Here is a listing. Write it all out again exactly, but not its pictures.

[Data provided — start]

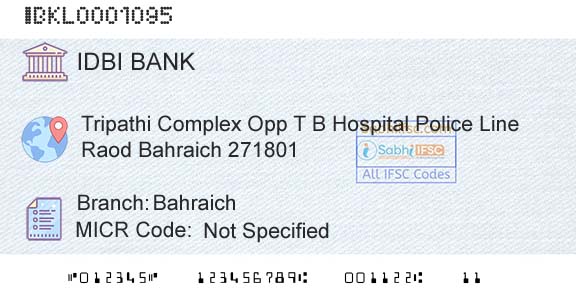 Idbi Bank BahraichBranch 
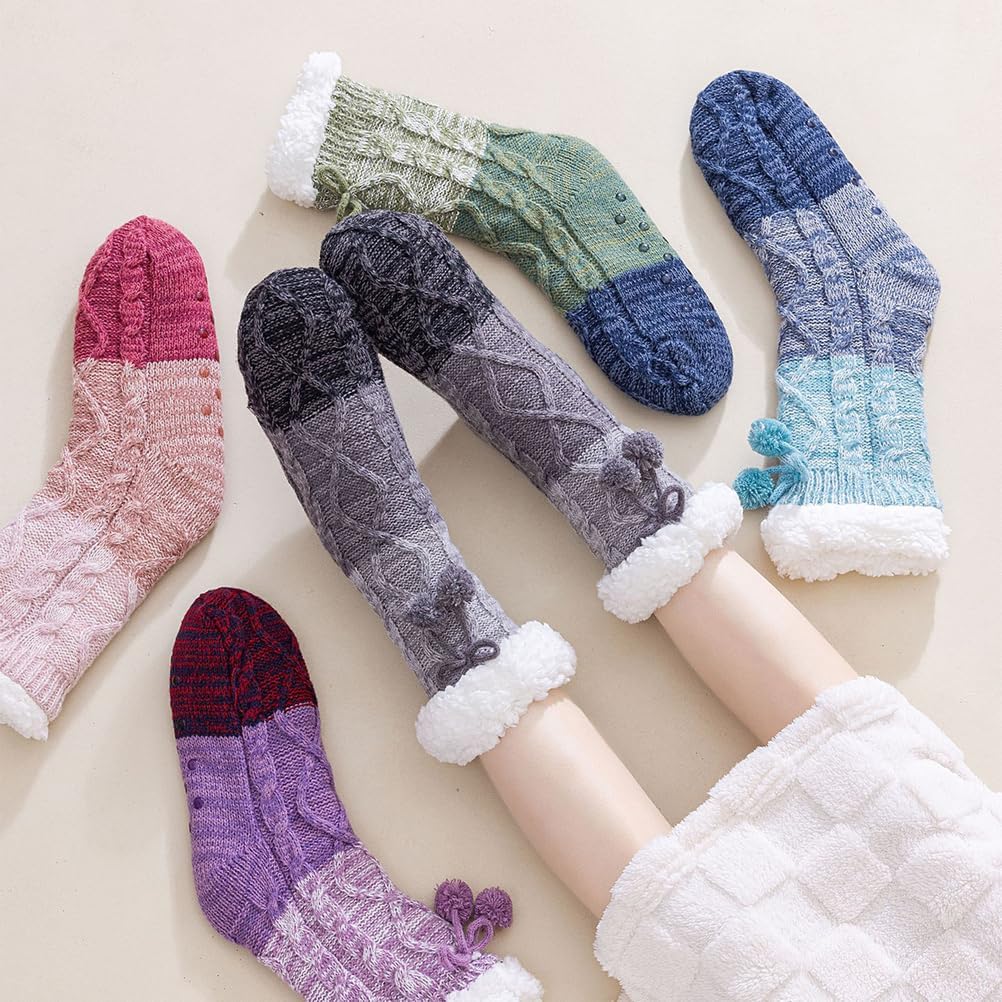 Womens Slipper Fuzzy Socks 2 Pairs Color Blocks Fluffy Winter Warm Cozy Plush Non Slip Fleece Socks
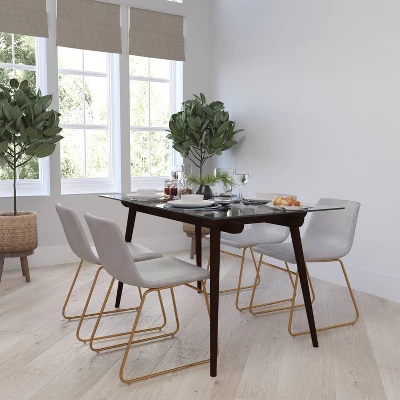 Set Of 2 Faux Leather Bucket Seat Dining Chairs With Frame - Merrick Lane 22 Set Of 2 Faux Leather Bucket Seat Dining Chairs With Frame - Merrick Lane - Image 20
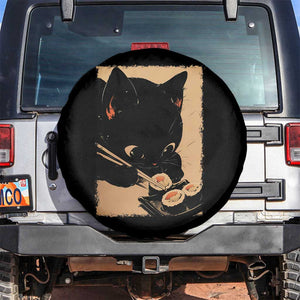 Kawaii Cat Eating Sushi Spare Tire Cover Japanese Anime Manga Otaku Retro Vintage Graphic TS02 No hole Black Print Your Wear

[Data provided — finish]

**Exercise output:**
 Idbi Bank BahraichBranch 
 Womens Slipper Fuzzy Socks 2 Pairs Color Blocks Fluffy Winter Warm Cozy Plush Non Slip Fleece Socks
 Set Of 2 Faux Leather Bucket Seat Dining Chairs With Frame - Merrick Lane 22 Set Of 2 Faux Leather Bucket Seat Dining Chairs With Frame - Merrick Lane - Image 20
 Kawaii Cat Eating Sushi Spare Tire Cover Japanese Anime Manga Otaku Retro Vintage Graphic TS02 No hole Black Print Your Wear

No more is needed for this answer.